Change of Basis For Pauli Matrix From Z Diagonal to X Diagonal Basis

[bohrpiphi]

I want to find a matrix such that it takes a spin z ket in the z basis,

$| \; S_z + >_z$

and operates on it, giving me a spin z ket in the x basis,

$U \; | \; S_z + >_z = | \; S_z + >_x$

I would have thought that I could find this transformation operator matrix simply by using the following argument:

$U \; | \; S_z >_z = | \; S_z >_x$

$_z< S_z \; | U \; | \; S_z >_z = _z< S_z \; | \; S_z >_x$

Therefore, elements of U are given by the inner product $_z< S_z \; | \; S_z >_x$

However, to compute the inner product $_z< S_z \; | \; S_z >_x$ , I need to know $| \; S_z >_x$, which is exactly what I am trying to find.

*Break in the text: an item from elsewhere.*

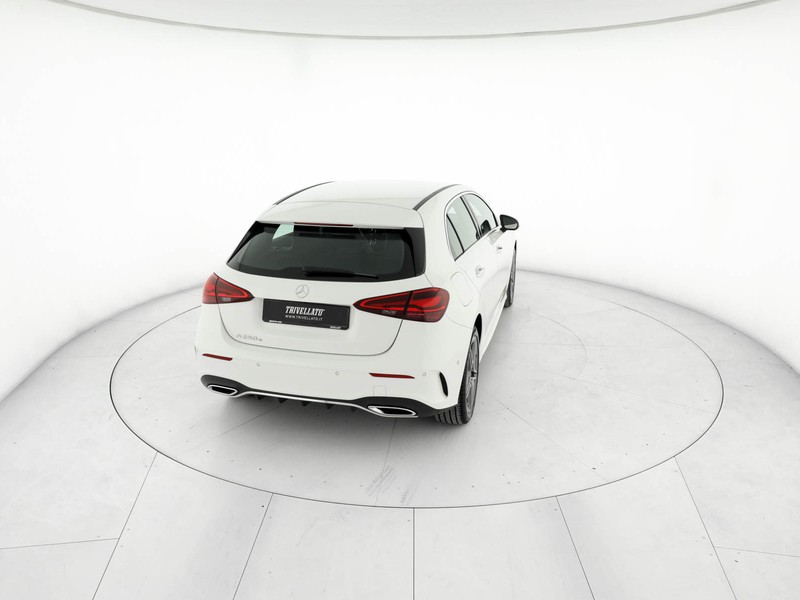 Mercedes Classe A 250 e phev amg line advanced plus auto ibrido bianco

Where is my misunderstanding?

I have shown that the matrix given by the inner products $_z< S_z \; | \; S_x >_z$ gives the matrix:

$\begin{matrix} 1/\sqrt{2} & 1/\sqrt{2} \\ 1/\sqrt{2} & -1/\sqrt{2} \end{matrix}$,

which cannot be correct, since $_z< S_z \; | \; S_x >_z \neq _z< S_z \; | \; S_z >_x$.

However, starting in the x basis and calculating $| \; S_z >_x$ shows that the above matrix works. I imagine this is not a coincidence, but it seems to be implying that $| \; S_z >_x = | \; S_x + >_z$.

This is not a homework question.

 

[bohrpiphi]

I also just realized that this should have been posted in the Advanced Homework section.